"""

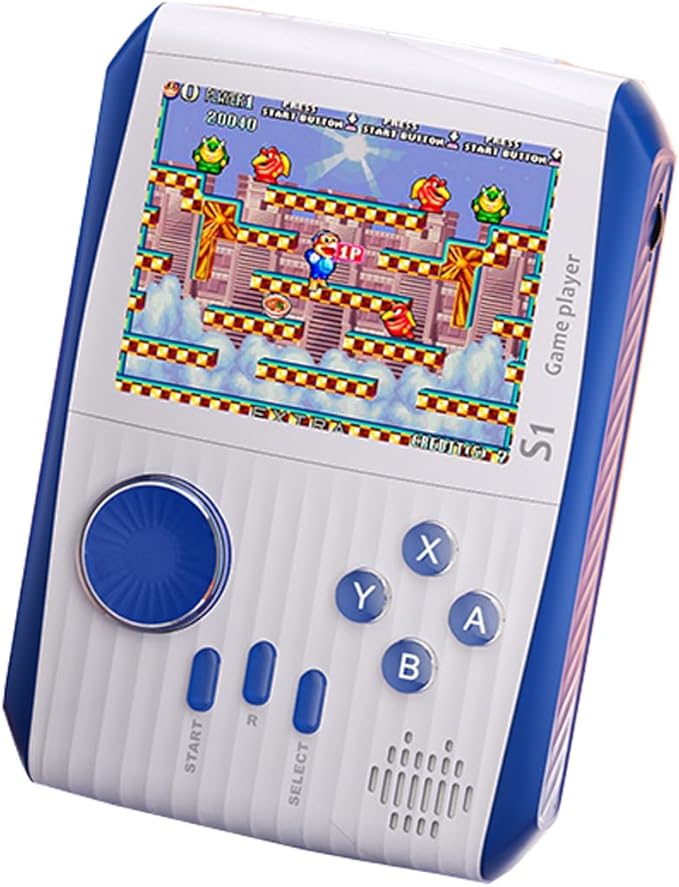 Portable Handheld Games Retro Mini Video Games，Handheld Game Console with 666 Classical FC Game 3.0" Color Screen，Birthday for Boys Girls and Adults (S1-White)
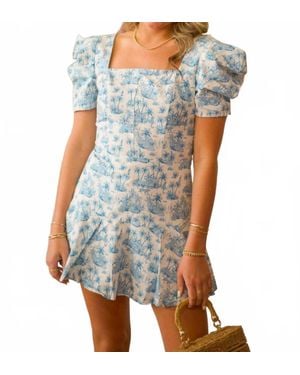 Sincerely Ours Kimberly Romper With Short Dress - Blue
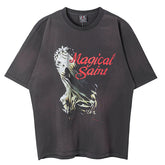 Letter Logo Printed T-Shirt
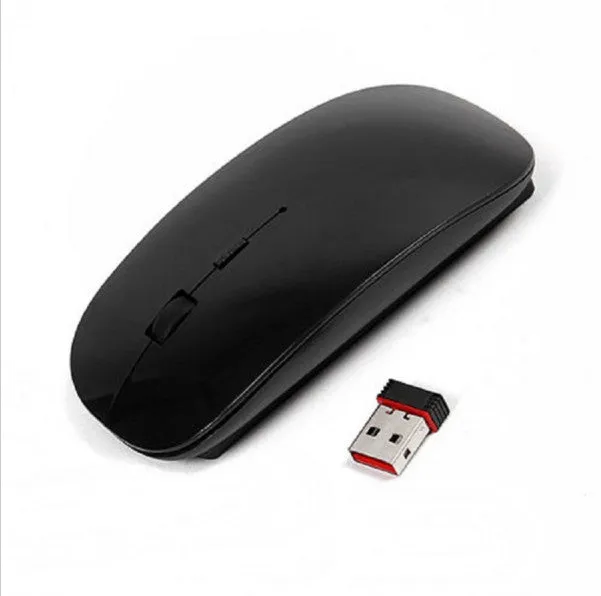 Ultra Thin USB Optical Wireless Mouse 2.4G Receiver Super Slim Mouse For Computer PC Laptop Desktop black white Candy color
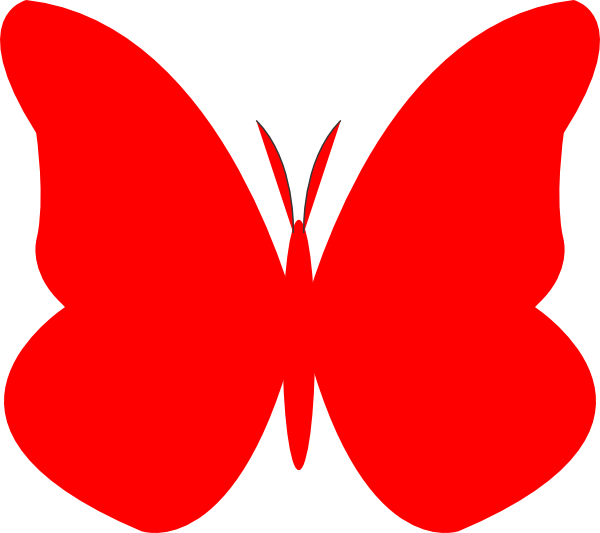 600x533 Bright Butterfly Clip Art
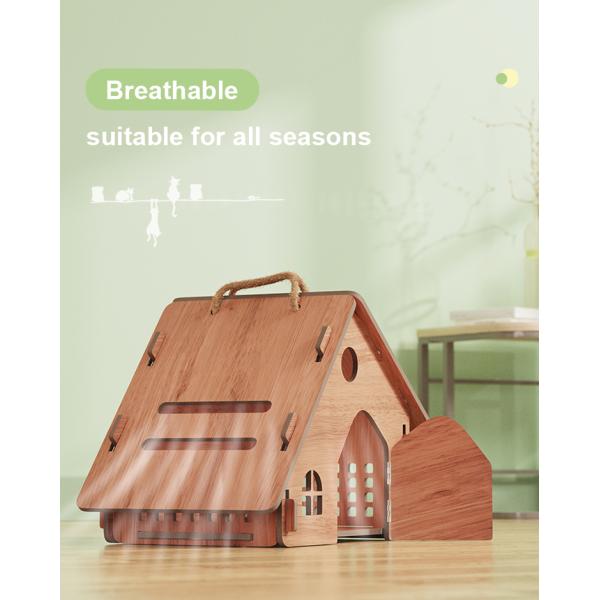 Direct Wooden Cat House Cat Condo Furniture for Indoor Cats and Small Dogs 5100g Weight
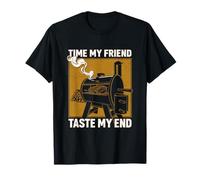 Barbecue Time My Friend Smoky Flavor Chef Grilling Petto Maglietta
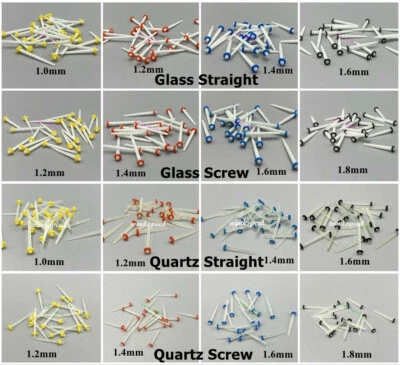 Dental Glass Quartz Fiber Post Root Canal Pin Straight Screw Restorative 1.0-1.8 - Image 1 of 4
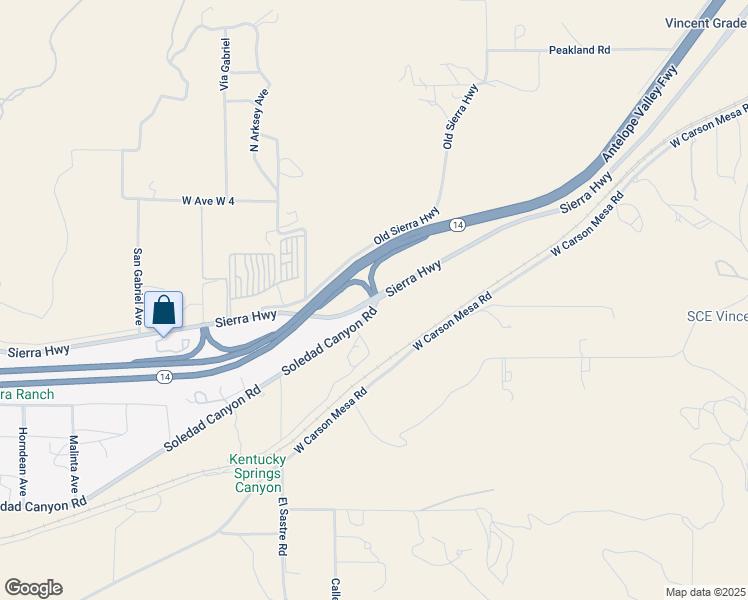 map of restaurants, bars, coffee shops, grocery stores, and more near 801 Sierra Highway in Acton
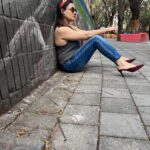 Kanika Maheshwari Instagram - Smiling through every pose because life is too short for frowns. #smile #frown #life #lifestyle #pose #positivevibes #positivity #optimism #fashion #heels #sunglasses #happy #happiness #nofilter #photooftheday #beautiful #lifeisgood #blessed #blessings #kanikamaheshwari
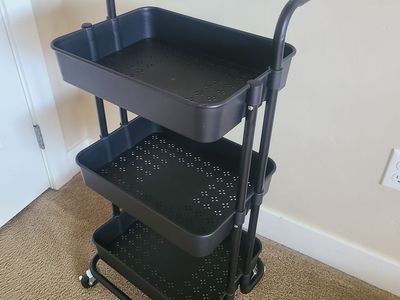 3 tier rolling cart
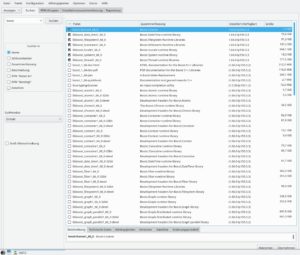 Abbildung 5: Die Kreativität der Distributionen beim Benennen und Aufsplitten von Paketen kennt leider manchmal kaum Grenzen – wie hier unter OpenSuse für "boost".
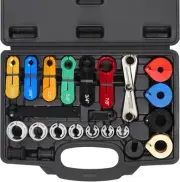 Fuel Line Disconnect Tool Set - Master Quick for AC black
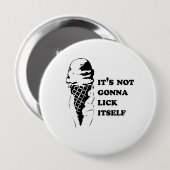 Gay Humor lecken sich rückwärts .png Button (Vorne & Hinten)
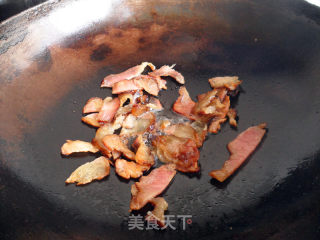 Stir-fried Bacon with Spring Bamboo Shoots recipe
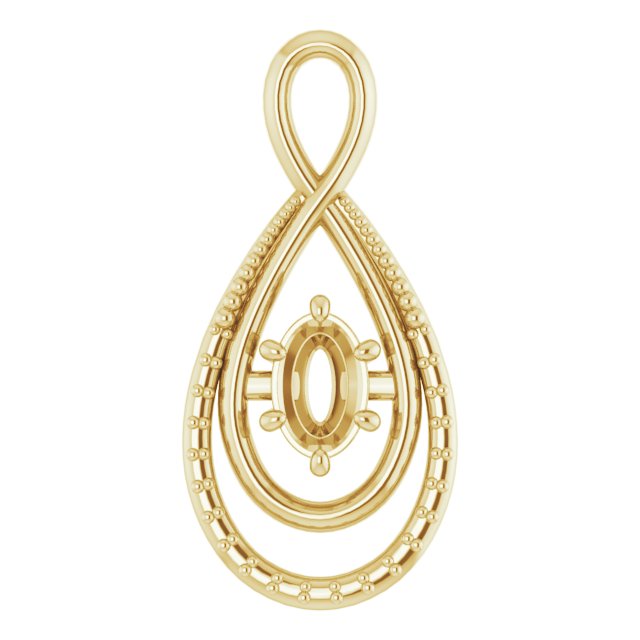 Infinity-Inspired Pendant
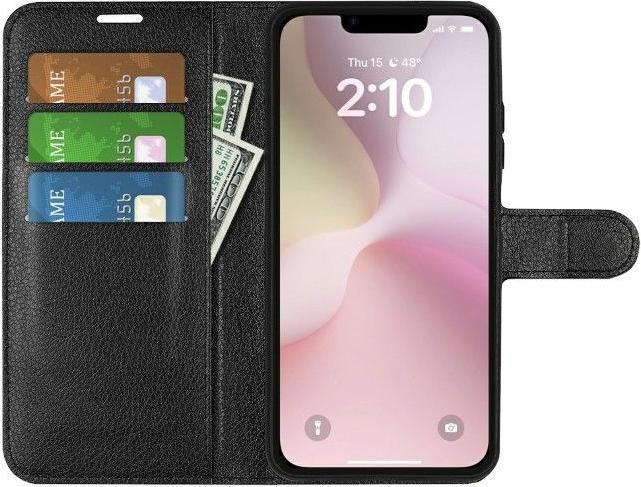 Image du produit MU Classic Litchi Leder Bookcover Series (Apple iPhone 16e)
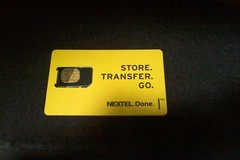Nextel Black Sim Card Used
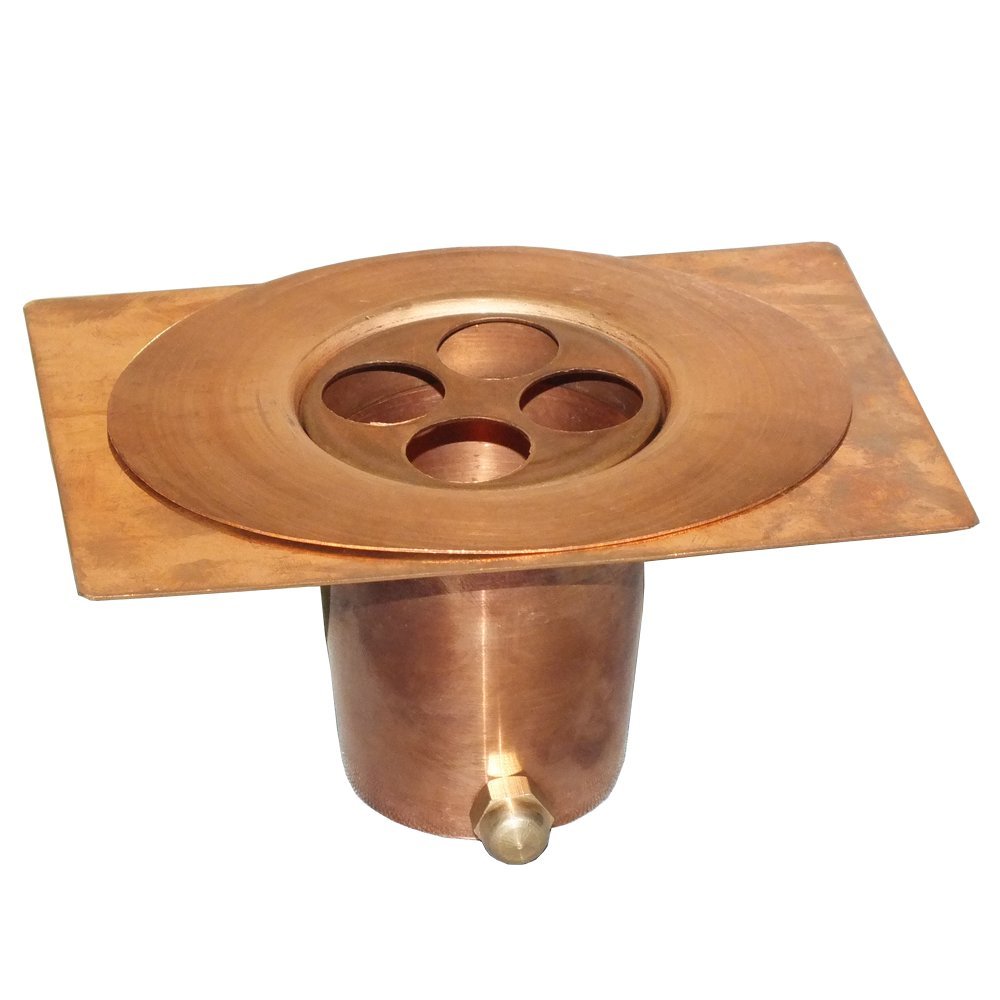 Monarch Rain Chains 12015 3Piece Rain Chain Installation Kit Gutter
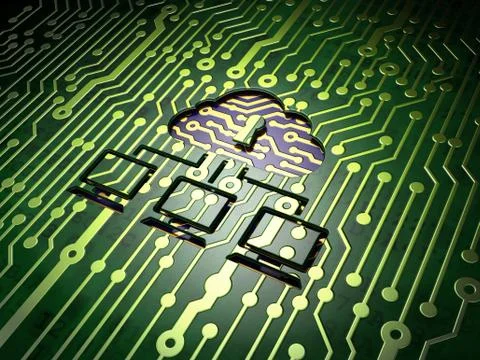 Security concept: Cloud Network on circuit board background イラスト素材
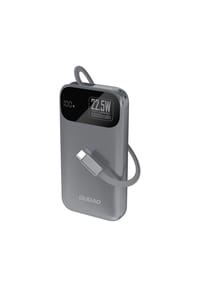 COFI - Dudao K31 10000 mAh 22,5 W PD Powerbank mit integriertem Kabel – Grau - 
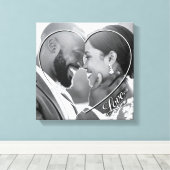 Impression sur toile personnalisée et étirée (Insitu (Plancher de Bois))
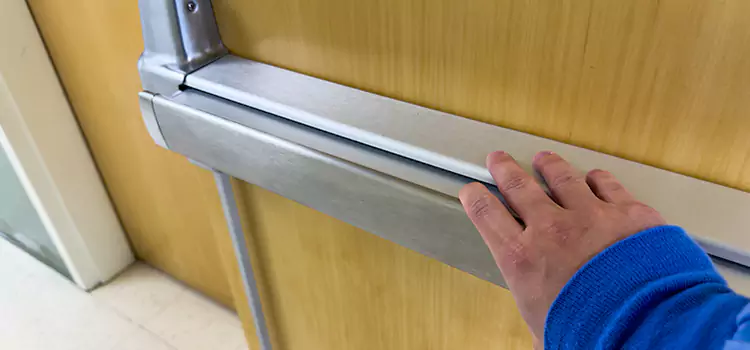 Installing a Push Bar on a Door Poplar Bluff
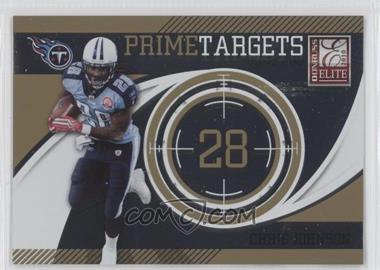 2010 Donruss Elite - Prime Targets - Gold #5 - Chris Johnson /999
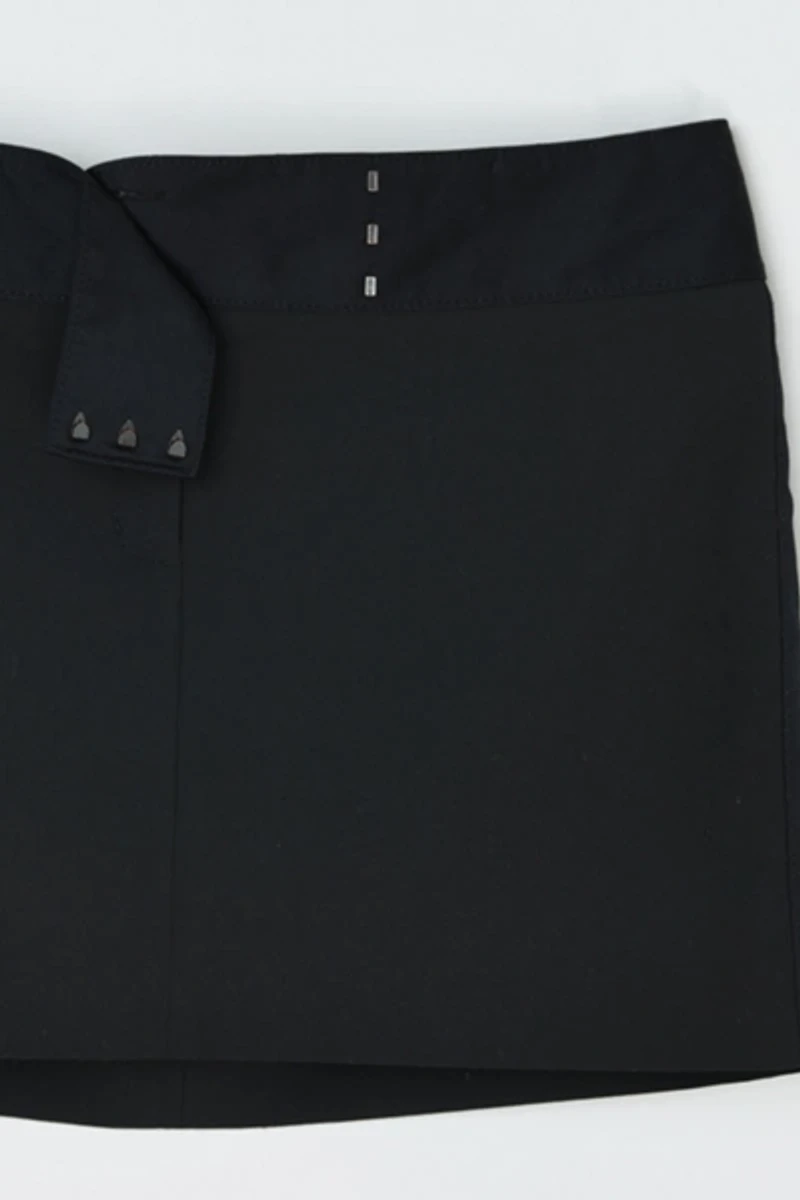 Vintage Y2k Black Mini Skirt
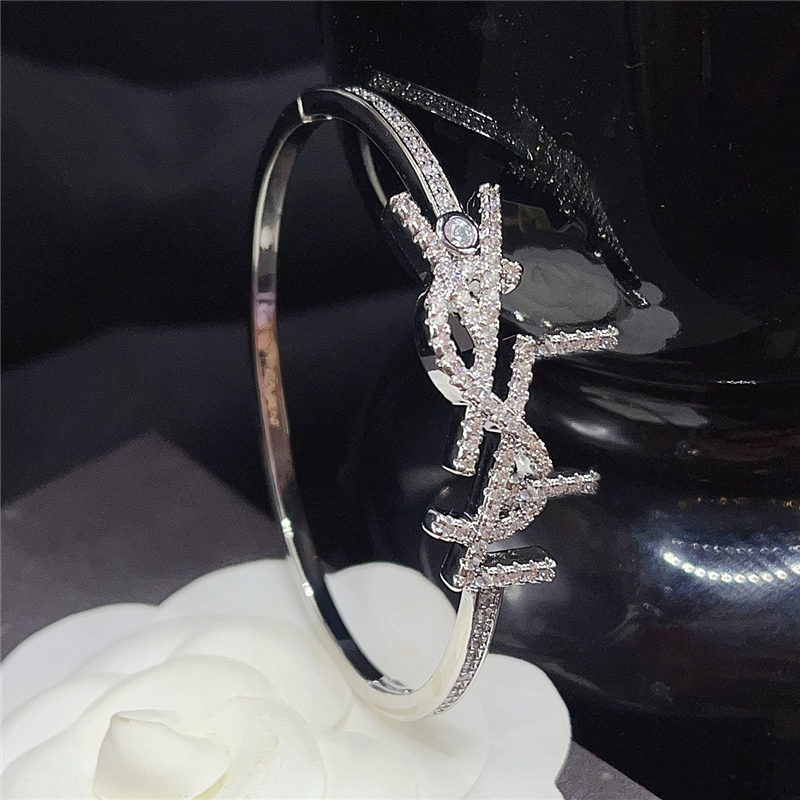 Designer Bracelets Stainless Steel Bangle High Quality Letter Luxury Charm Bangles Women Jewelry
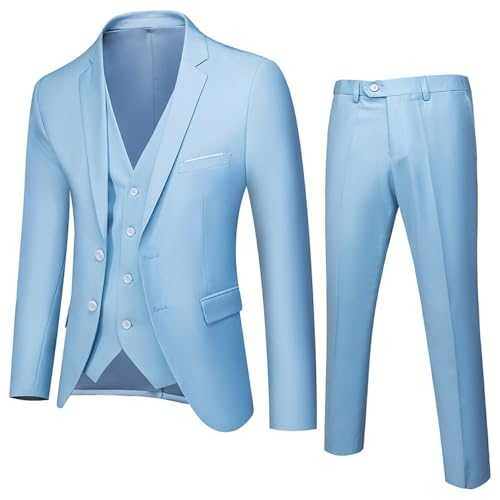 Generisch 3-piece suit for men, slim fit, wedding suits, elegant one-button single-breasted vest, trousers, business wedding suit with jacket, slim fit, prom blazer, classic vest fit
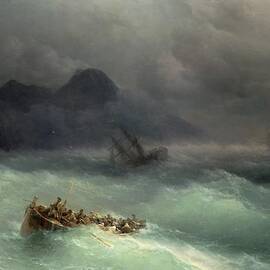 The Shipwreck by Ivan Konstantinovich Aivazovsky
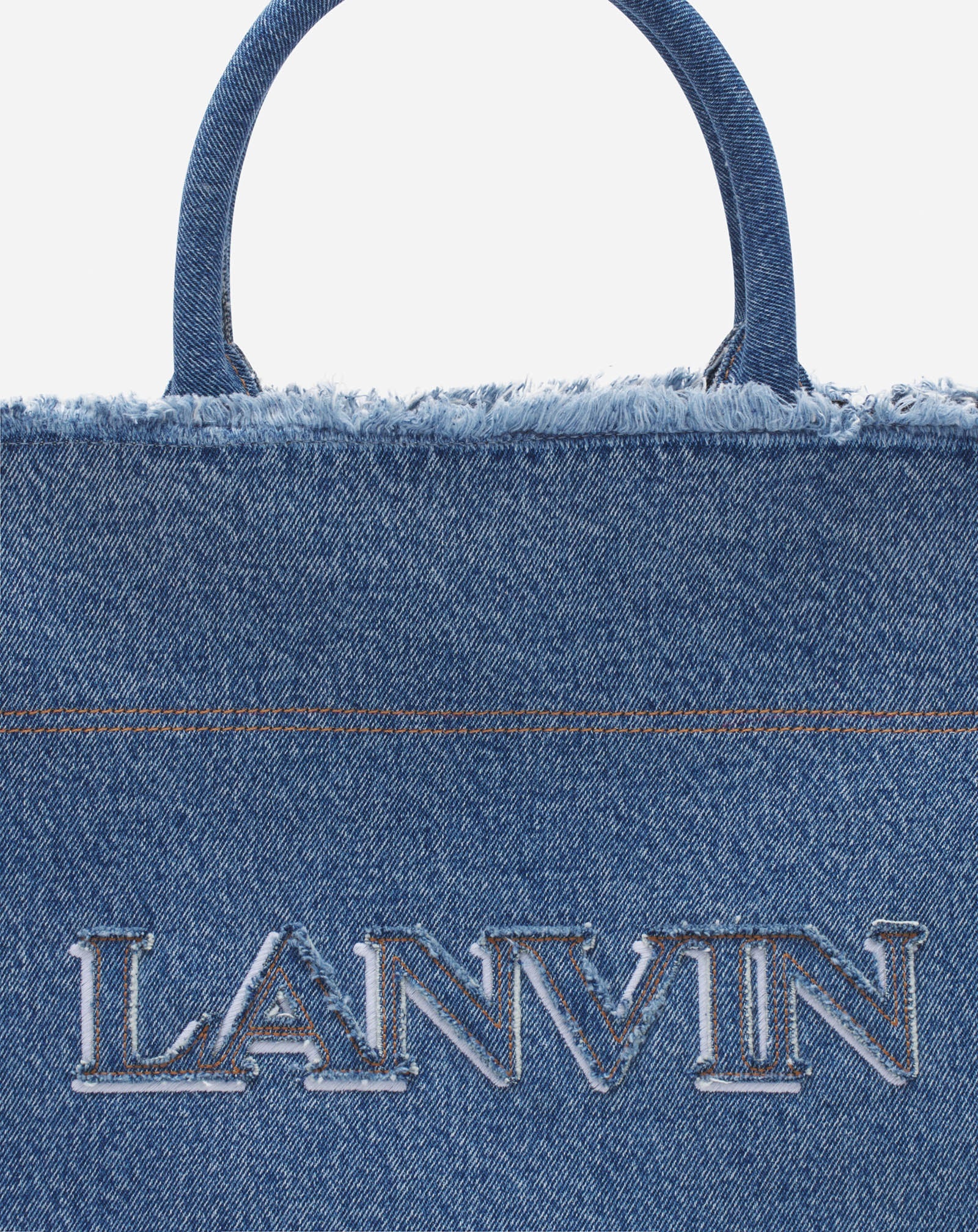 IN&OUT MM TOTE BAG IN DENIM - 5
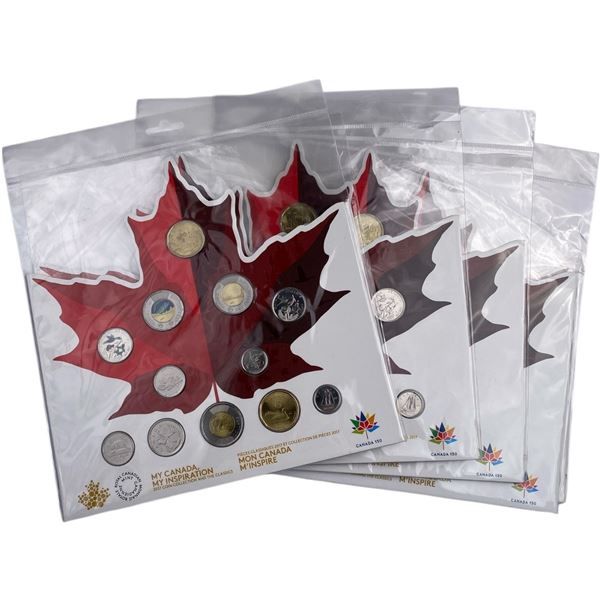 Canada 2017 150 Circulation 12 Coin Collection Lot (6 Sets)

"""

In the listing above, find the line with "3 tier rolling cart" and the line with "COFI - Dudao". Copy exactly those two and every line between, without the pictures.

## PROBLEM SOLUTION
 3 tier rolling cart
 Abbildung 5: Die Kreativität der Distributionen beim Benennen und Aufsplitten von Paketen kennt leider manchmal kaum Grenzen – wie hier unter OpenSuse für "boost".
 Fuel Line Disconnect Tool Set - Master Quick for AC black
 Gay Humor lecken sich rückwärts .png Button (Vorne & Hinten)
 Stir-fried Bacon with Spring Bamboo Shoots recipe
 Infinity-Inspired Pendant
 Image du produit MU Classic Litchi Leder Bookcover Series (Apple iPhone 16e)
Nextel Black Sim Card Used
 Monarch Rain Chains 12015 3Piece Rain Chain Installation Kit Gutter
 Security concept: Cloud Network on circuit board background イラスト素材
 COFI - Dudao K31 10000 mAh 22,5 W PD Powerbank mit integriertem Kabel – Grau - 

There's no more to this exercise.